VAPOR HUB INTERNATIONAL INC. (OTCMKTS:VHUB) Files An 8-K Entry into a Material Definitive Agreement

VAPOR HUB INTERNATIONAL INC. (OTCMKTS:VHUB) Files An 8-K Entry into a Material Definitive Agreement

Story continues below

Item 1.01 Entry into a Material Definitive Agreement

Entry into Asset Purchase Agreement

On February 10, 2017, Vapor Hub International Inc. (the Company)
and PLY Technology, a California corporation (the Buyer), entered
into an asset purchase agreement (the Purchase Agreement). to the
terms and conditions of the Purchase Agreement, the Company
agreed, subject to the approval of its stockholders, to sell all
of the Companys right, title and interest in and to the Companys
proprietary rights, and all goodwill associated with such
proprietary rights, owned or used by the Company in connection
with its business, which collectively constitute substantially
all of the Companys assets (collectively, the Purchased Assets).
The Company will retain all assets that are not Purchased Assets,
including inventory. The Buyer is not assuming any liabilities of
the Company in connection with the sale of the Purchased Assets
by the Company.

The aggregate purchase price for the Purchased Assets is
$1,000,000 USD (the Purchase Price). The Buyer will pay the
Purchase Price to the Company at the closing of the asset sale
(the Asset Sale) by (i) cancelling all outstanding principal,
accrued interest and all other obligations (collectively, the
Outstanding Debt Obligations) payable to the Buyer by the Company
on the closing date of the Asset Sale under that certain Senior
Secured Credit Facility Agreement entered into by the Buyer and
the Company on December 23, 2016 (the Loan Agreement), which
amount currently totals approximately $543,110, and (ii) to the
extent the Purchase Price exceeds the Outstanding Debt
Obligations, paying an amount in cash equal to the difference
between the Purchase Price and the Outstanding Debt Obligations.

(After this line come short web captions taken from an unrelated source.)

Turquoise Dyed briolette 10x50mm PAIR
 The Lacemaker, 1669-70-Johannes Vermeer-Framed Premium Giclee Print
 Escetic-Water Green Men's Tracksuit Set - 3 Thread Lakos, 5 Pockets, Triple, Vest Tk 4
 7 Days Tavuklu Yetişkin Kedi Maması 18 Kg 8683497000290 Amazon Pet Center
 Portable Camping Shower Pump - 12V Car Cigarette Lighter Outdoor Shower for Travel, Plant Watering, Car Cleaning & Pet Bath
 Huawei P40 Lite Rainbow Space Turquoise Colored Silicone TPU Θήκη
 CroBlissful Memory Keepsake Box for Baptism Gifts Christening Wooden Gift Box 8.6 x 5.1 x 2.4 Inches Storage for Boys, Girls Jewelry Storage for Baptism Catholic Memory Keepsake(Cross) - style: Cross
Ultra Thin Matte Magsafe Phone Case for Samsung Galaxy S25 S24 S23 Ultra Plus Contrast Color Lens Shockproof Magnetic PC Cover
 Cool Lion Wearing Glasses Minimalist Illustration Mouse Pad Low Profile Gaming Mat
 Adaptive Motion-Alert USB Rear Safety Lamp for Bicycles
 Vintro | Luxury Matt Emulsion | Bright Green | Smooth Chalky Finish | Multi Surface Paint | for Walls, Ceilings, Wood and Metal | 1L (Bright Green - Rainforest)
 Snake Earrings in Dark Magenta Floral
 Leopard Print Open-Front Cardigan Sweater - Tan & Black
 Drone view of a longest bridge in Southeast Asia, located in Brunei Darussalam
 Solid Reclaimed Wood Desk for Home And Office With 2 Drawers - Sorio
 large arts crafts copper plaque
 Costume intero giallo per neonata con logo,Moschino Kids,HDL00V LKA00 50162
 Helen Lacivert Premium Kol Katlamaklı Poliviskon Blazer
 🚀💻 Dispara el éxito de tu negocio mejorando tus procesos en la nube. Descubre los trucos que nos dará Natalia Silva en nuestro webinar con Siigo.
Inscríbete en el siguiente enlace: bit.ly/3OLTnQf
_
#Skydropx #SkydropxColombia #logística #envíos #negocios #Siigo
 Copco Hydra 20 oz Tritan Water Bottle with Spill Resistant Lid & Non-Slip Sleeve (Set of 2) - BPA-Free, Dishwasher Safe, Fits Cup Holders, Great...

The Company expects that the Asset Sale will close in March 2017,
subject to the satisfaction of certain closing conditions, which
include obtaining the approval of the Asset Sale and Plan of
Liquidation (described below) by the Companys stockholders (the
Stockholder Approval).

The Purchase Agreement contains customary representations and
warranties of the parties and covenants of the Company. It also
includes certain termination rights, including, among others,
that either party has a right to terminate the Purchase Agreement
if: (i) the Company receives an Acquisition Proposal (as defined
below) and exercises its right to withhold, withdraw, amend or
modify its approval of the Purchase Agreement before it obtains
Stockholder Approval (a Change in Recommendation); (ii) the
Company does not obtain Stockholder Approval on or before March
30, 2017; or (iii) the closing does not occur on or before March
30, 2017, absent any breach by the terminating party.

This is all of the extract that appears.